■ **ACTIVITY**:
Beginning with the line that has "Men’s Western Long" in it, transcribe the listing exactly through its final line, and add nothing.

■ **EXERCISE DATA**:
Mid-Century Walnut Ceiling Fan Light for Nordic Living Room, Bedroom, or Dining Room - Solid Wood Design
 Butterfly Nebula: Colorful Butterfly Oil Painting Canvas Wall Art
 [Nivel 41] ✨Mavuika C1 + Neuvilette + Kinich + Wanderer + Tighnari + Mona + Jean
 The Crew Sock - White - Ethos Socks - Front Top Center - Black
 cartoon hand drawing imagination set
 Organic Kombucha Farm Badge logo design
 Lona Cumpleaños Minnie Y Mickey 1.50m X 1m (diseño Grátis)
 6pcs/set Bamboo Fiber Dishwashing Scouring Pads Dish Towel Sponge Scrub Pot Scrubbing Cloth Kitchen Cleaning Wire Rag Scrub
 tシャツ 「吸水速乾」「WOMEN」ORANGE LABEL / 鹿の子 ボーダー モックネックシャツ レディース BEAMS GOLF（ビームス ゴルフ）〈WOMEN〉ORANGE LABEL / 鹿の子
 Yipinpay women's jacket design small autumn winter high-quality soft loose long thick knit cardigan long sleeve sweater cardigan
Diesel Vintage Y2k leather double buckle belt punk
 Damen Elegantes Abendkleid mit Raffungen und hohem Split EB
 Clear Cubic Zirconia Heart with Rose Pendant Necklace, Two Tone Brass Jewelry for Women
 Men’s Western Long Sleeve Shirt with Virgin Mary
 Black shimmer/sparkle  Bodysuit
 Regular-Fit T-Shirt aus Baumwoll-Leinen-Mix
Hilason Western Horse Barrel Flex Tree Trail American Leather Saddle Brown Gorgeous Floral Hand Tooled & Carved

■ **TASK OUTPUT**:
 Men’s Western Long Sleeve Shirt with Virgin Mary
 Black shimmer/sparkle  Bodysuit
 Regular-Fit T-Shirt aus Baumwoll-Leinen-Mix
Hilason Western Horse Barrel Flex Tree Trail American Leather Saddle Brown Gorgeous Floral Hand Tooled & Carved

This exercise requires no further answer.